Jarosław Kurski: władza nas ściga i nęka, ale nie damy się uciszyć

Jarosław Kurski

Na pierwszej stronie wtorkowej „Gazety Wyborczej” ukazał się list Jarosława Kurskiego, w którym pierwszy zastępca redaktora naczelnego dziennika zapewnia czytelników, że redakcja nie ulegnie szantażom w postaci kolejnych pozwów i procesów wytaczanych „GW” przez polityków, organy administracji i spółki skarbu państwa.

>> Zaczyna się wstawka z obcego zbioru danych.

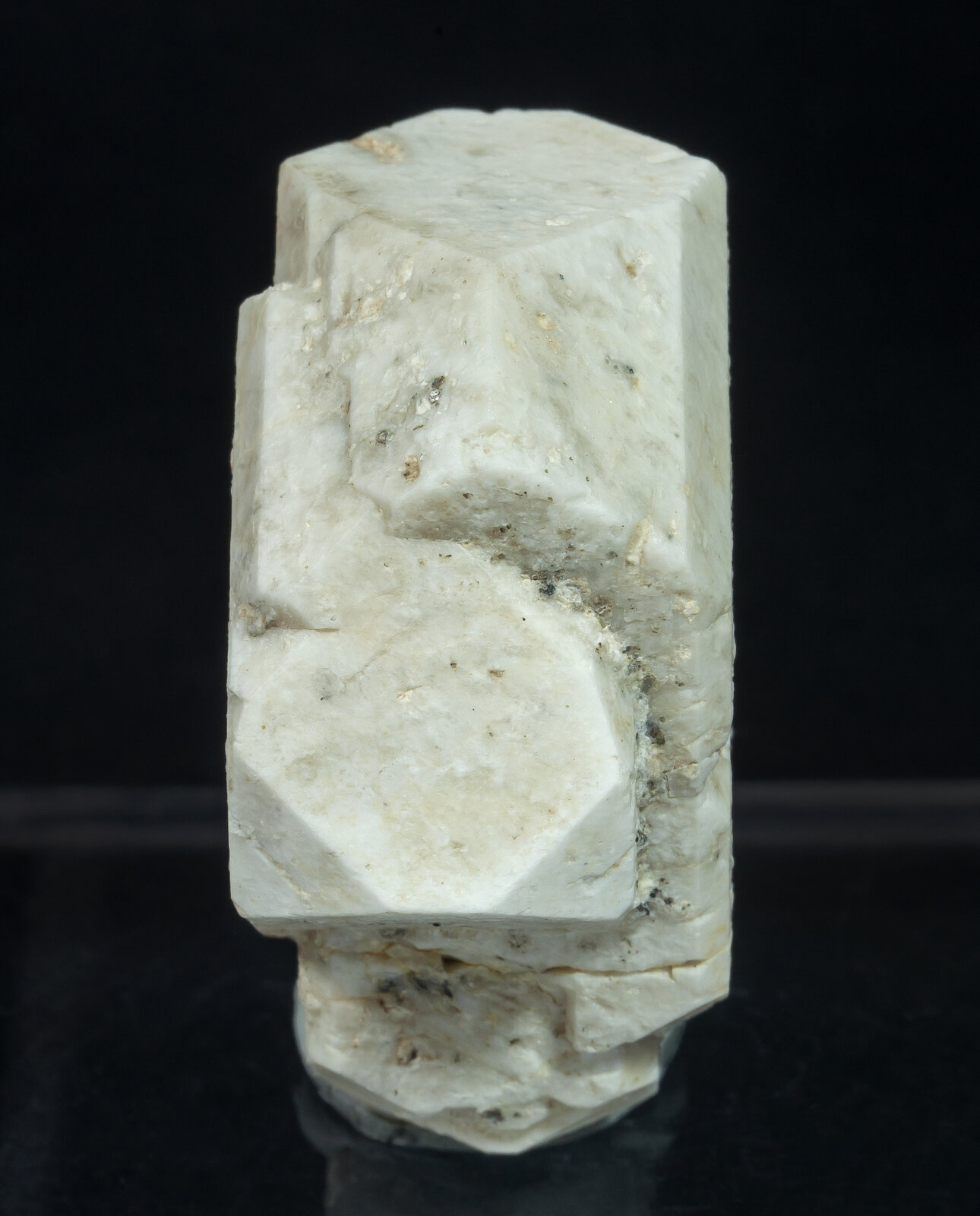 specimens/s_imagesAN8/Orthoclase-JFD46AN8s.jpg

Na pierwszej stronie wtorkowej „Gazety Wyborczej” ukazał się list Jarosława Kurskiego, w którym pierwszy zastępca redaktora naczelnego dziennika zapewnia czytelników, że redakcja nie ulegnie szantażom w postaci kolejnych pozwów i procesów wytaczanych „GW” przez polityków, organy administracji i spółki skarbu państwa.

Zdaniem Kurskiego domagając się usunięcia siedmiu tekstów z „GW” i dwóch z „Newsweeka” Narodowy Bank Polski „chce zamknąć usta pięciorgu dziennikarzom”. Redaktor uważa, że działania prezesa NBP Adama Glapińskiego to „cenzura, której zakazuje konstytucja, i element strategii nękania mediów.

Dziś dla dziennikarzy z wielu mediów w Polsce, to czas próby i walki o to, co jest istotą naszej pracy. A jest nią prawda i niezależność.
Nie zamierzamy ulegać szantażom.
Będziemy odkrywać to, co władza chciałaby przed Wami ukryć. Nie damy się uciszyć. https://t.co/fCDOYycGYi

— Jarosław Kurski (@JaroslawKurski) 4 grudnia 2018

Jarosław Kurski przypomniał procesy wytoczone redakcji z ostatnich lat. Podkreślił też, że choć administracja publiczna jest zobowiązana do udzielana informacji, to systematycznie „odmawia, milczy, zwleka, albo udziela wymijających odpowiedzi”.

Zapewnił też czytelników, że „GW” nie zamierza ulegać szantażom. „Będziemy odkrywać to, co władza chciałaby przed Wami ukryć. Nie damy się uciszyć”.